Africa-Press – Liberia. The ongoing US$100 million cocaine case at Criminal Court “C” experienced yet another setback after two language translators contracted by the government were rejected by two of the defendants who had earlier demanded the services of translators.
Larsana Keita and Tito Abanobi were designated by the Ministry of Foreign Affairs and presented to the court to serve as translators to defendants Malam Conte, a Guinea Bissau national and Arabic speaker, and Makki Admeh Issam, a Portuguese, respectively.
Keita and Abanobi were contracted by the state to interpret the testimonies of the defendants in the case.
A brief procedural hearing on Friday, which was expected to end the screening of a 15-member jury panel for the start of the trial, was postponed to March 9, because of the two defendant’s objection to the interpreters.
The defendants asked Judge Blamo Dixon to change the interpreters because they were uncomfortable having them.
Though the accused did not provide in-depth details for their rejection of the government-appointed interpreters, a highly placed judicial source confided in the Daily Observer that the rejection was based on the interpreter’s inability to fluently speak in both Arabic and Portuguese.

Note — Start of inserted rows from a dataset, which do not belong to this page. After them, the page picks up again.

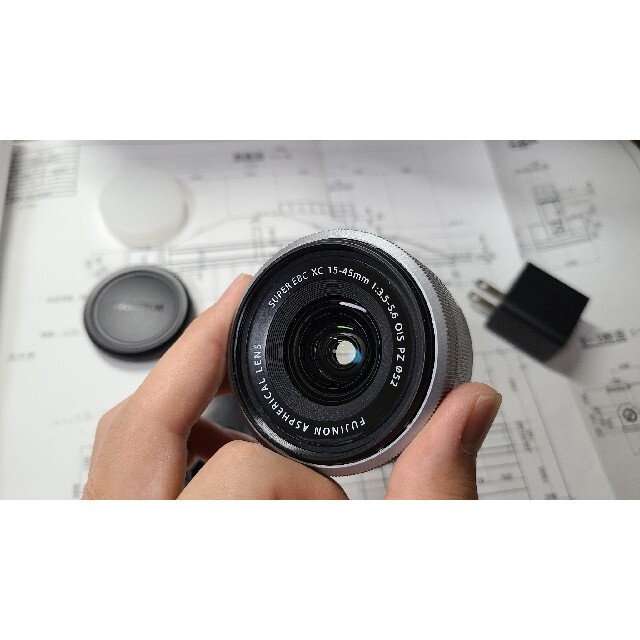 富士フイルム(フジフイルム)のFUJIFILM ミラーレス一眼カメラ X-A5レンズキット X-A5 スマホ/家電/カメラのカメラ(ミラーレス一眼)の商品写真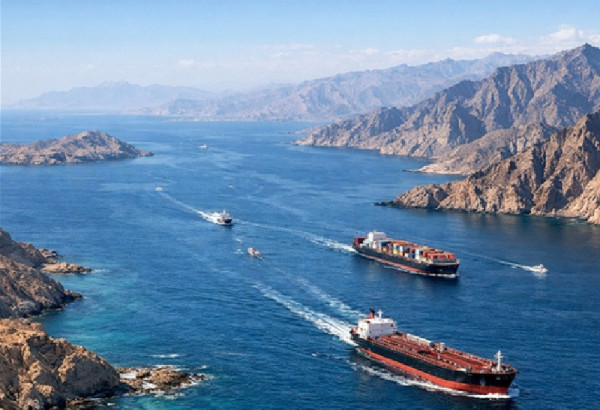 L'IRAN A RENDU PUBLIQUES LES CONDITIONS DE PASSAGE DES NAVIRES PAR LE DETROIT D'ORMOUZ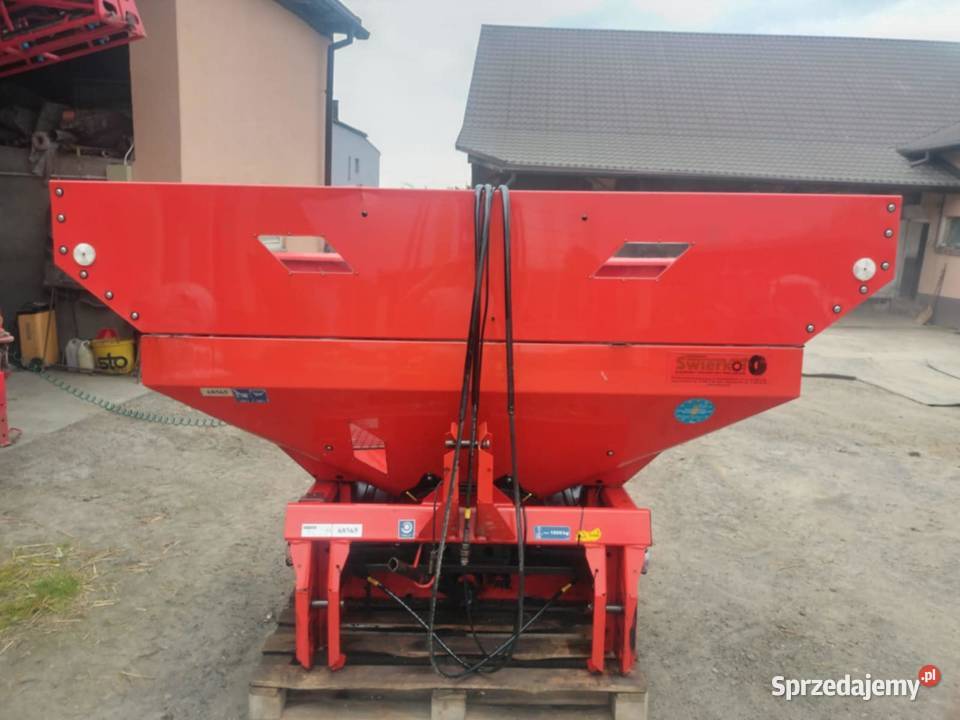 Sprzedam rośewacz nieuszkodzony Rozsiewacze nawozów Maszyny rolnicze śląskie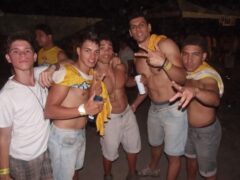 Oktober 10 Anos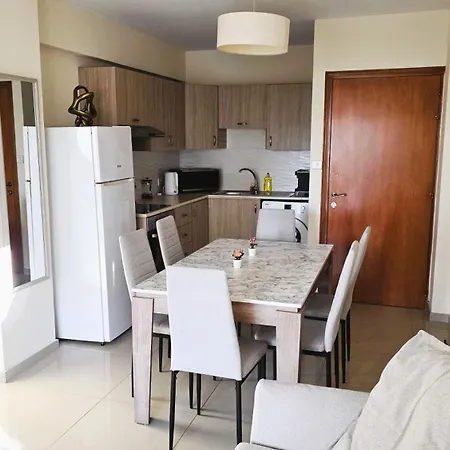 Coastal 2Br Haven Walk To The Beach 아파트 라르나카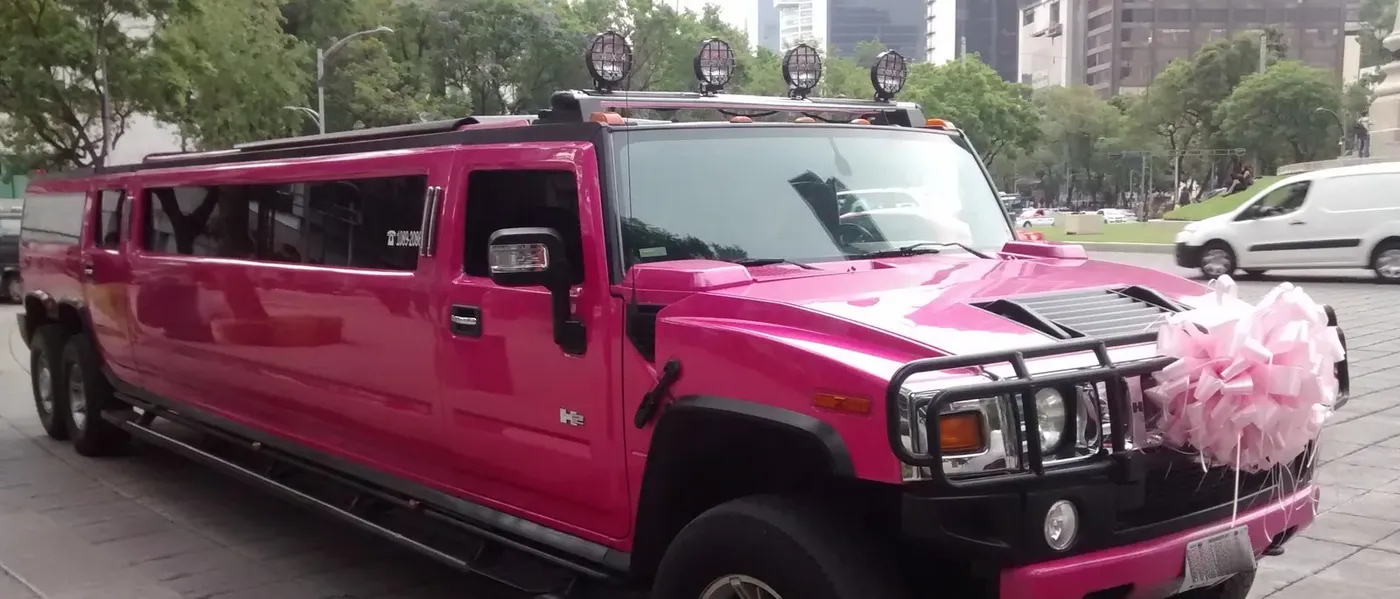Limusina Hummer rosa con moño rosa vista frontal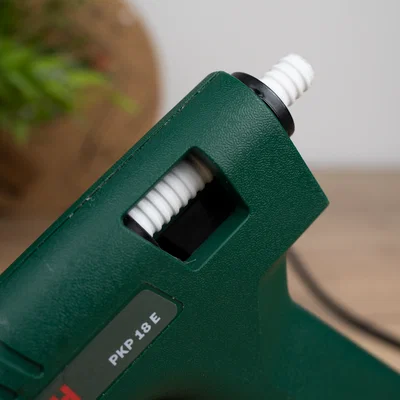 Que Keo Súng Bắn Keo Có Gân (Ribbed Glue Gun Sticks)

The judge’s action followed a request from defense counsel that two of the defendants, Conte and Issam, were not fluent in the English language, and needed interpreters.
The request from the defense counsel compelled Dixon to suspend the case, subsequently writing the Ministry of Foreign Affairs to provide his court with the two interpreters.
The interpreters appeared in the courtroom on March 1, after a thorough search but were promptly rejected by the defendants.
Initially, the ministry through Deputy Foreign Minister/Legal Counsel, Deweh E Gray, had informed the court about writing a diplomatic note to the US Embassy to assist with both the Arabic and Portuguese interpreters.
Without communicating with the US embassy, the ministry on February 22 wrote the court introducing Keita and Abanobi as the two interpreters, whose representation was dramatically rejected by the defendants.
The case grew from the government’s seizure of US$100 million worth of cocaine on October 1, 2022, in which one Oliver Zayzay, a Liberian national, and some of his foreign associates were arrested after seeking to purchase what appeared to be a shipping container full of fresh frozen pig feet from a refrigerated storage facility in Monrovia.
The defendants had initially offered to pay the owners of the container, AJA Group Holdings, the sum of US$200,000 for the entire container, which, at the time, cost less than US$30,000.
But when the defendants, within less than eight hours, doubled their offer to US$400,000 and, finally, to US$1 million, AJA Group said they were certain that Zayzay and his associates were dealing with a serious case of narcotics trafficking.
The company said they contacted the United States Ambassador, a move that brought both the American and Liberian anti-narcotics law enforcement agents into the picture and caught the suspects red-handed.
The US$100 million cocaine bust is believed to be the biggest arrest in terms of street value on the African continent so far.